A maturidade da supervisão brasileira foi reconhecida quando o país foi escolhido para integrar o conselho de governança do Banco para Compensações Internacionais (BIS), o banco central dos bancos centrais, em maio passado, afirmou o sócio da área de gestão de risco da Deloitte, Rodrigo Mendes. "O BC brasileiro sempre teve uma postura mais conservadora", acrescentou.
Isso não quer dizer, porém, que não haja espaço para aperfeiçoamentos nas regras do sistema financeiro nacional. Melhorar as regras de supervisão bancária foi uma das determinações da última reunião do G-20. "Na ocasião, todos os governantes voltaram para casa com a tarefa de estudar aperfeiçoamentos para evitar novas crises. Os Estados Unidos estão saindo na dianteira", disse Mendes.
Além disso, é preciso levar em conta que os mercados americano e brasileiro são de dimensões muito diferentes.
Tanto Mendes quanto Anhesini apontam a área de derivativos como uma das que precisam ter as regras melhoradas. As deficiências ainda existentes explicam em parte as pesadas perdas que várias empresas brasileiras registraram com derivativos atrelados ao câmbio na crise internacional. O BIS estimou essas perdas em US$ 25 bilhões.
As operações padronizadas de derivativos são bem monitoradas no Brasil. As de balcão são registradas na BM&FBovespa ou na Cetip, embora não haja marcação a mercado nem registro das mudanças de posição. Mas nem todas as exóticas são controladas aqui. Nos EUA, não há nem o registro das operações não padronizadas e essa é uma das correções sugeridas.
Anhesini atribui a segurança dessas operações no mercado brasileiro em parte à reforma feita no Sistema de Pagamentos Brasileiro (SPB) na década de 90, que regulou as câmaras de compensação e de liquidação.
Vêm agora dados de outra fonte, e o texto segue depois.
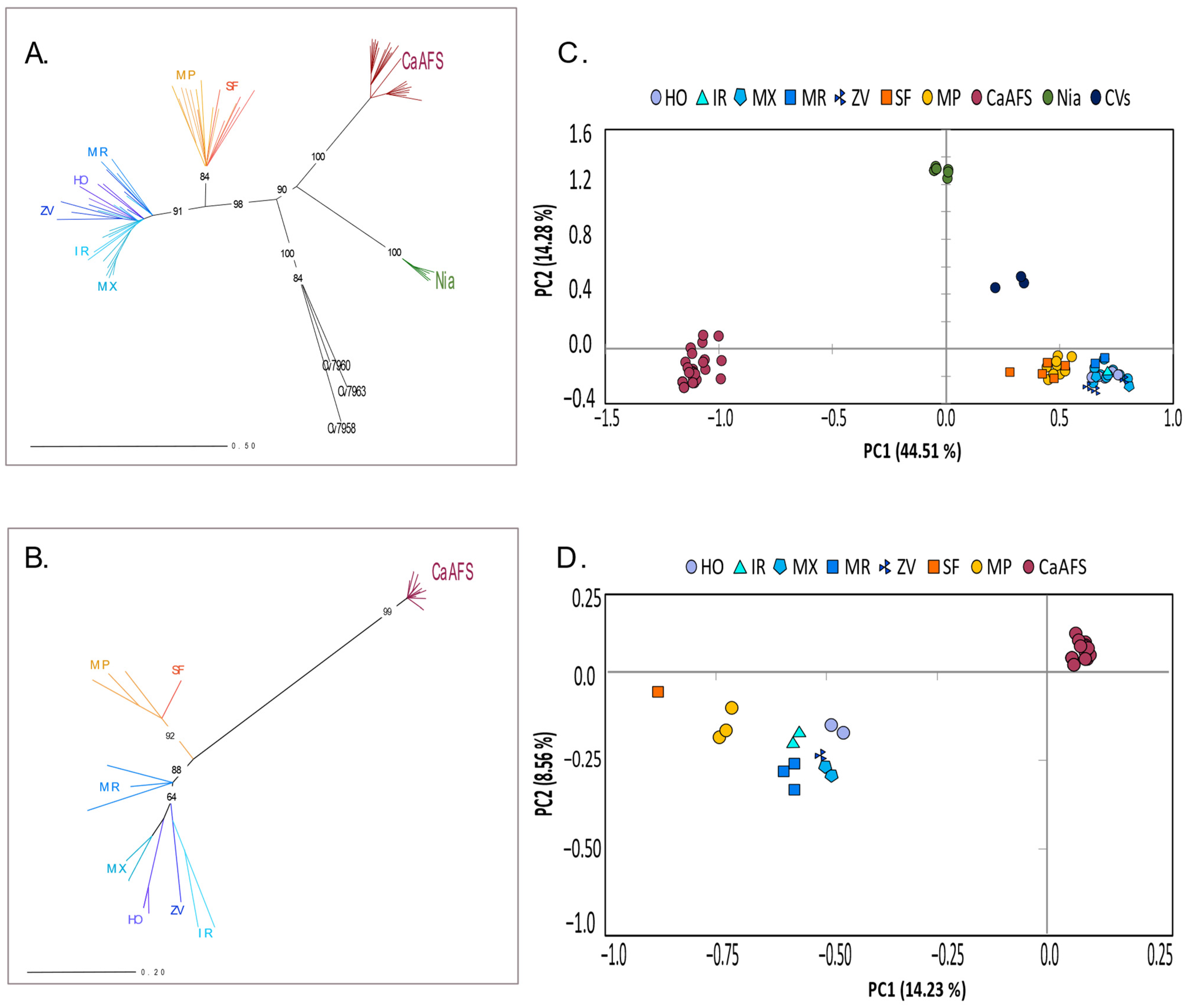Plants 12 02044 g004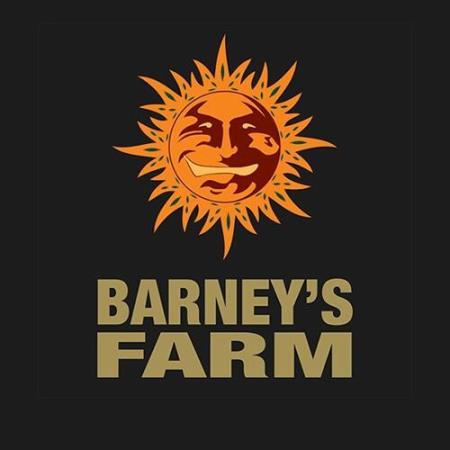 Barneys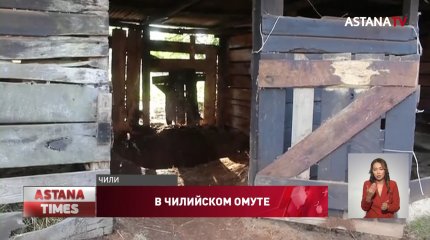 Муж убил жену и закопал на конюшне в Чили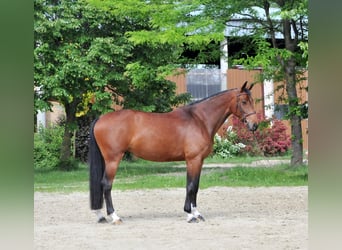 Hongaars sportpaard, Merrie, 7 Jaar, 172 cm, Brauner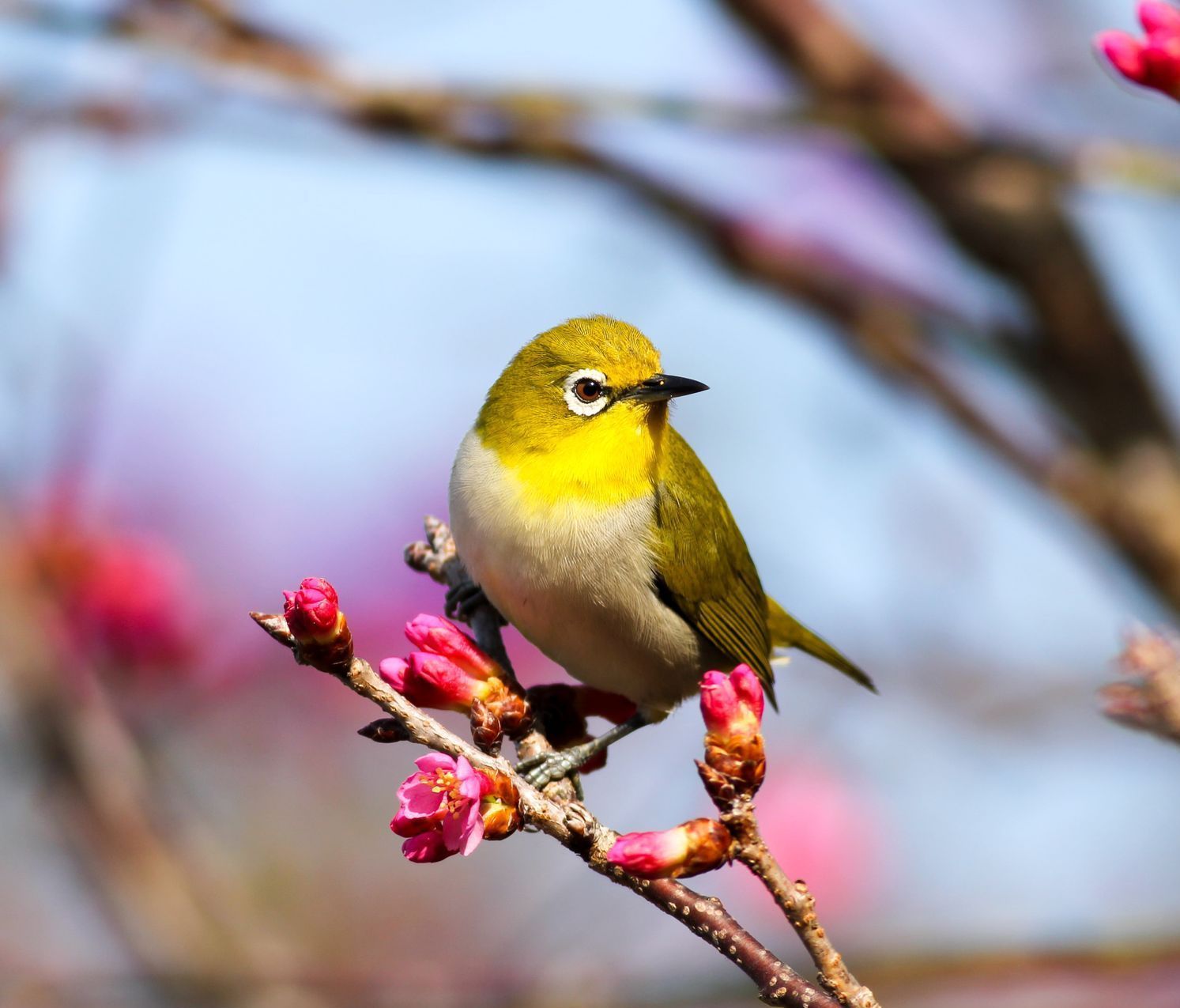 a small bird perched on a branch with pink flowers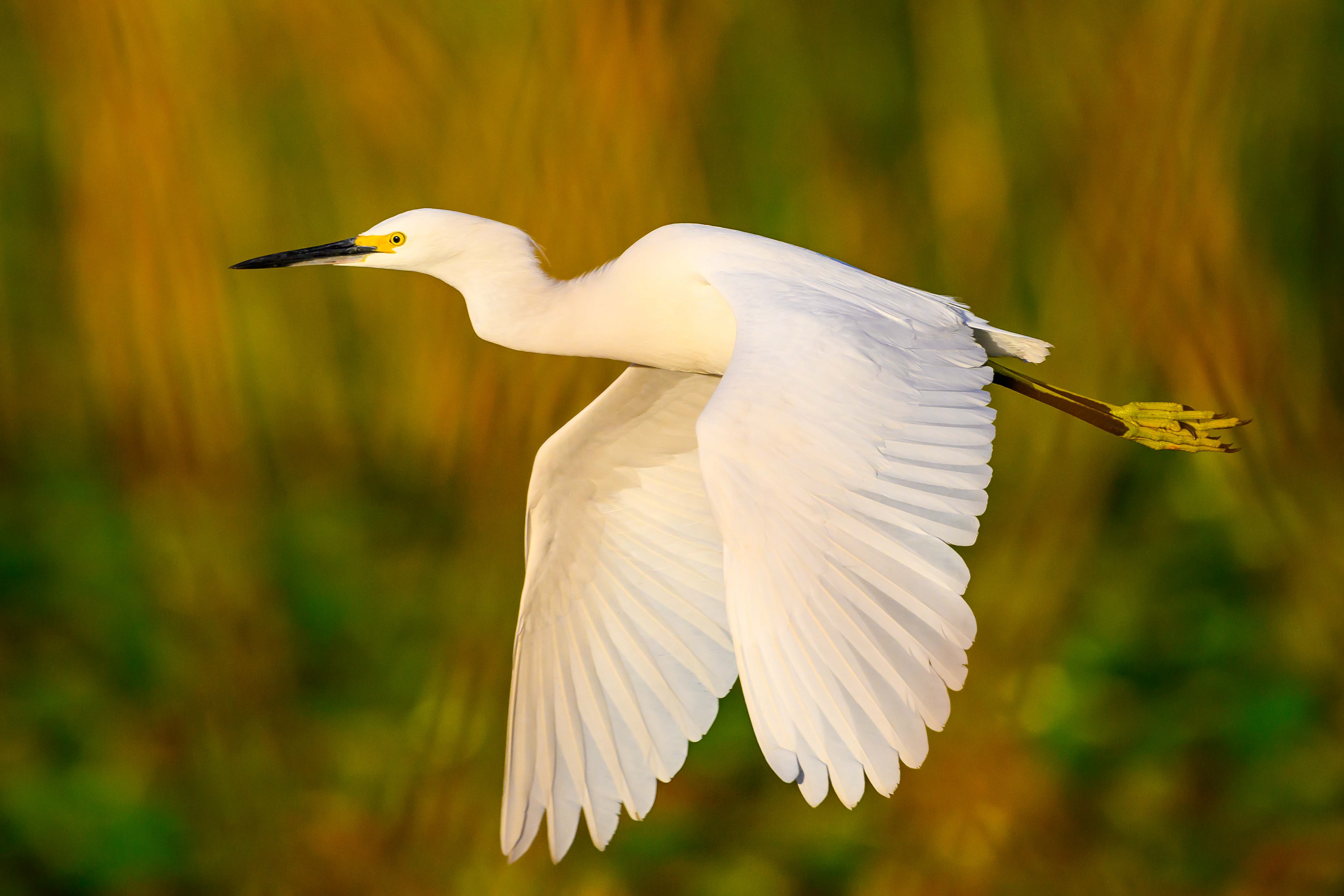 Snowy Egret Fly By. Florida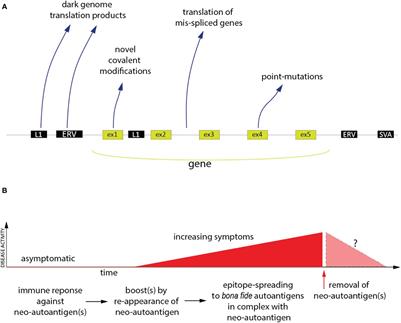 Autoimmunity: the neoantigen hypothesis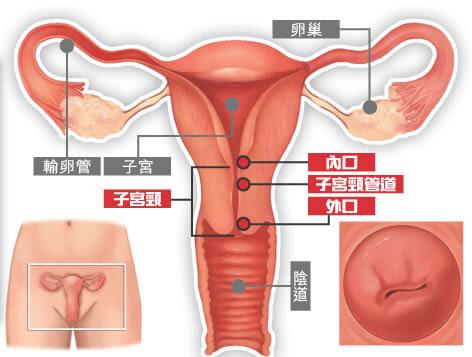 育龄期什么意思，女生有哪些必须懂得的生理知识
Entre as propostas de Obama já praticadas no Brasil Anhesini destacou a proposta de fortalecer o poder supervisor do Fed. O BC brasileiro, disse, já é supervisor único com amplos poderes, inclusive fora da área financeira. A legislação contra a lavagem de dinheiro, lembrou, autoriza o BC a fiscalizar até empresas imobiliárias, negociadores de objetos de arte e auditorias.
O conselho unificado de supervisão financeira proposto por Obama foi comparado por Anhesini ao Conselho Monetário Nacional (CMN), que reune o Banco Central e autarquias como a Comissão de Valores Mobiliários (CVM).
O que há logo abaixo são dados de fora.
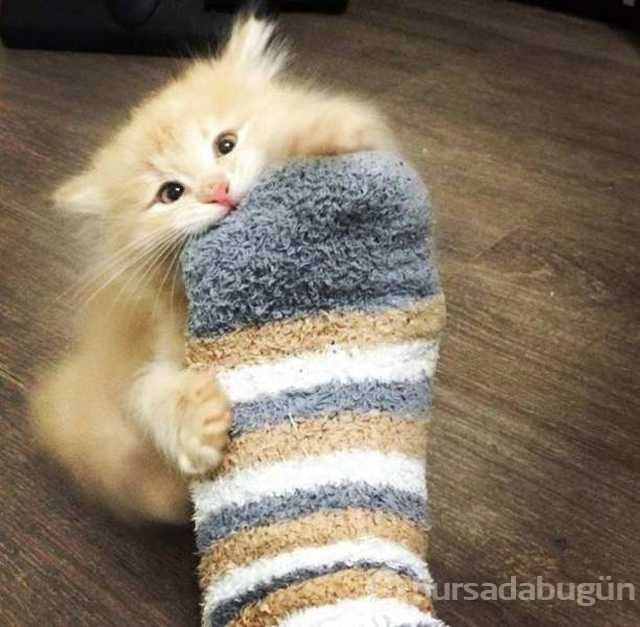 Günün en çok paylaşılan fotoğrafları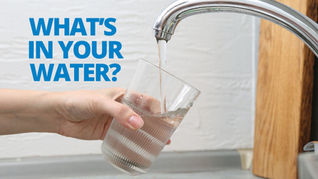 What’s Flowing Through Your Home? CW Service Water Quality Spotlight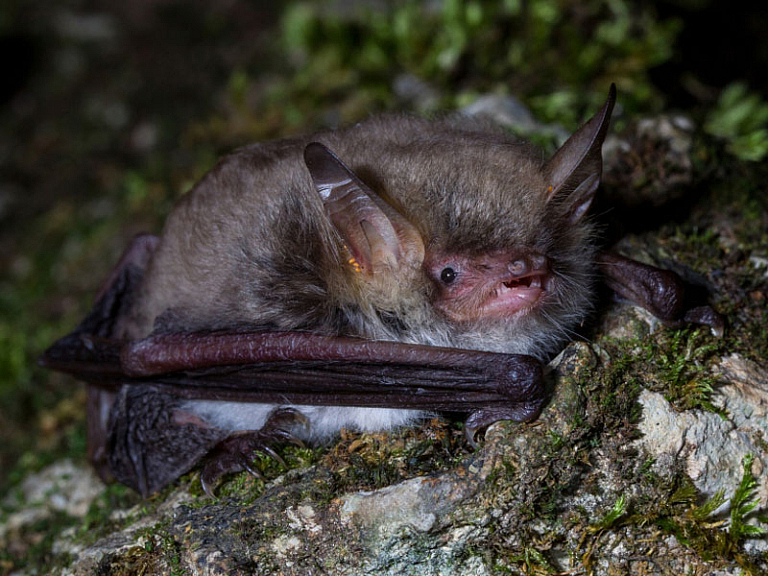 Cabrera saguzar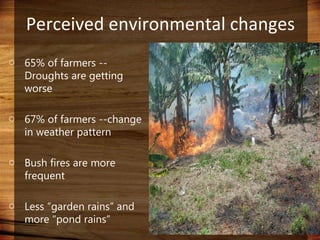 Domestic food production and hazard vulnerability jamaica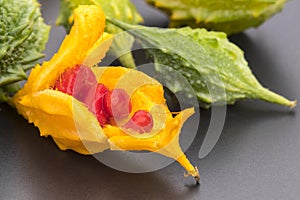 Ripe and raw Wild Bitter Gourd on black plate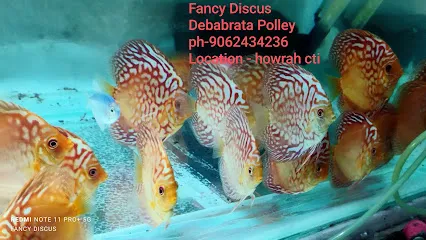 Fancy Discus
A intenção de Obama de aumentar as exigências de capital para as instituições financeiras vai em linha da determinação do BC brasileiro de estabelecer limites de capital variáveis conforme a área de atuação. Assim, há um capital mínimo diferente para um banco múltiplo, um comercial e uma corretora, além dos valores exigidos conforme o risco incorrido, que são determinadas pelo BIS. O próprio parâmetro estabelecido pelo BIS foi reforçado pelo BC brasileiro, que exige dos bancos um capital mínimo equivalente a 11% dos riscos, acima dos 8% do BIS.
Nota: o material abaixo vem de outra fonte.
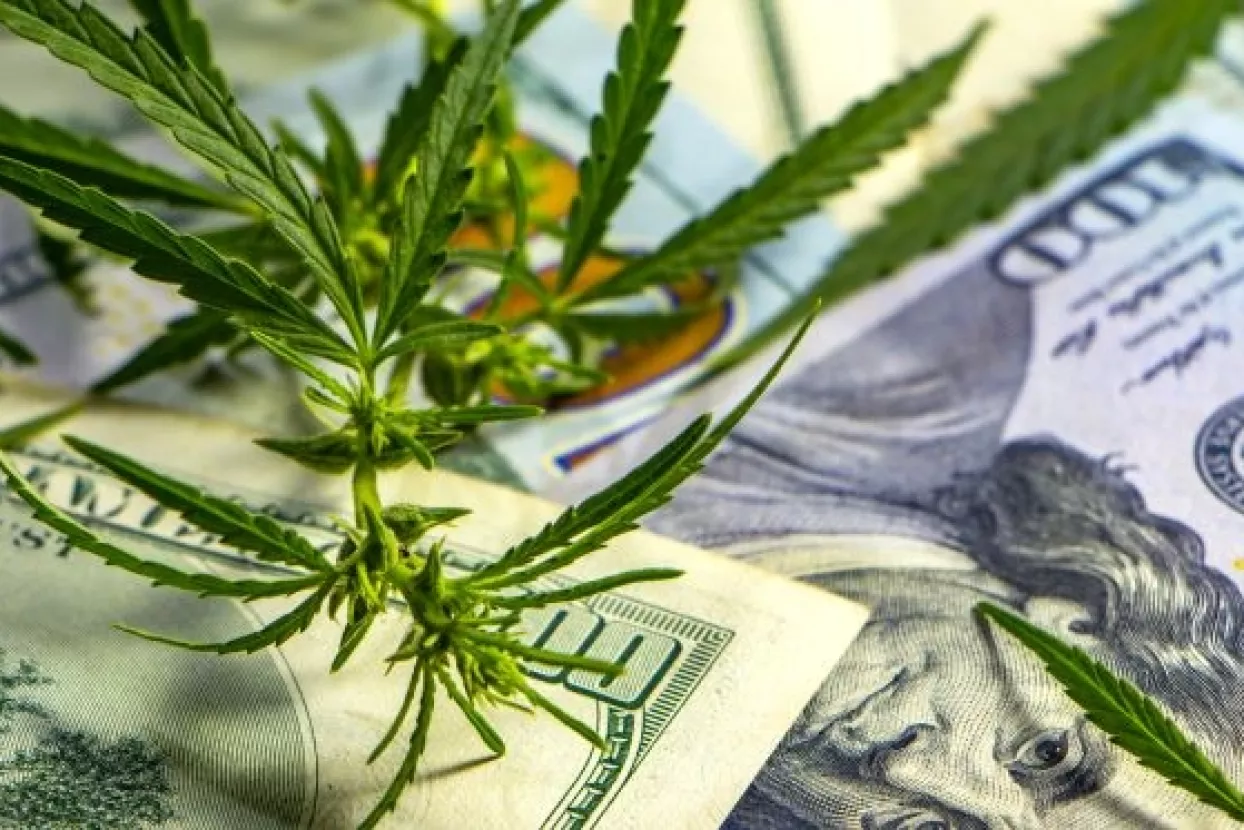 Najveća investicija u biznis s cannabisom &ndash; vlasnik piva Corona ulaže 4 milijarde dolara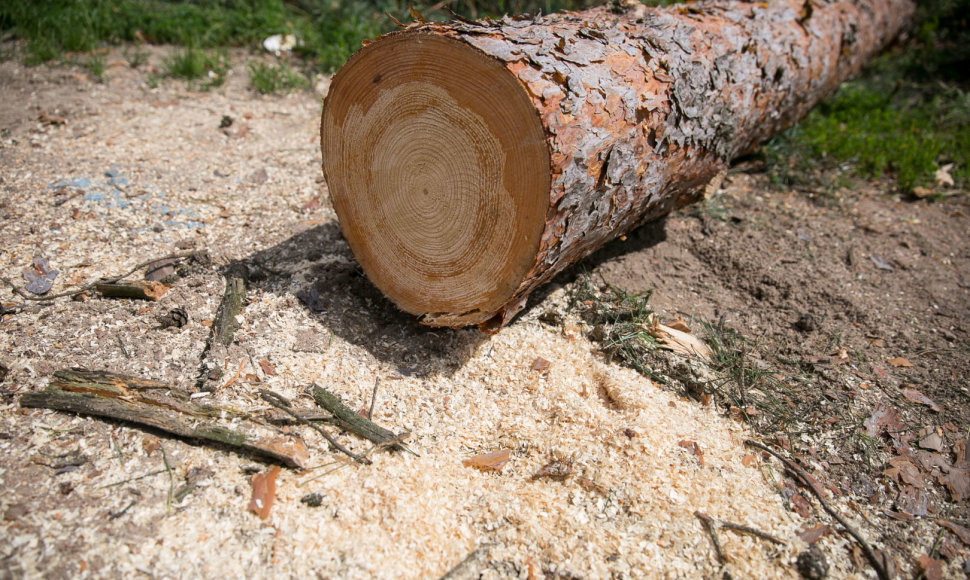 Medžių kirtimas Vilniaus Kirtimų tabore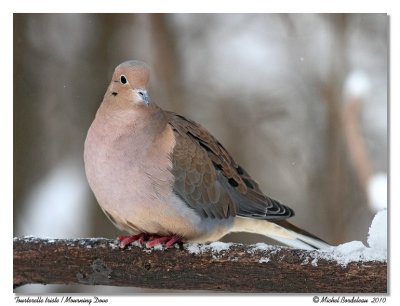 Tourterelle triste  Mourning Dove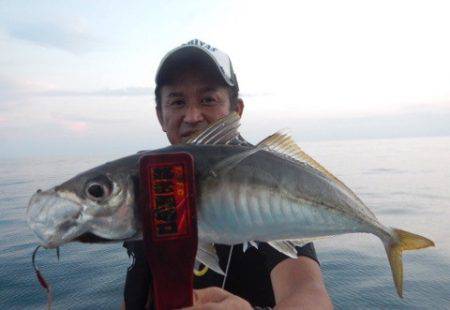 渡船屋たにぐち 釣果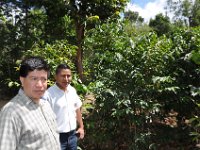 2011024766 Antigua - Guatemala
Anhesini lembrou que grandes instituições financeiras americanas como o Goldman Sachs, o Morgan Stanley e a GMAC tiveram que se transformar em holding bancária para ter acesso ao pacote de ajuda do Troubled Asset Relief Program (Tarp) do Tesouro.
O sócio-líder de serviços financeiros da KPMG afirmou que as propostas de Obama ainda levarão tempo para serem apreciadas pelo legislativo americano e podem sofrer adaptações no processo.
No curto prazo, o processo de adaptação das instituições financeiras pode causar uma redução no fluxo de recursos para o Brasil e outros mercados emergentes, prevê Anhesini. "A fase de adaptação trará consequências. Além disso, haverá custos novos também, que acabarão recaindo em algum ponto do processo", disse.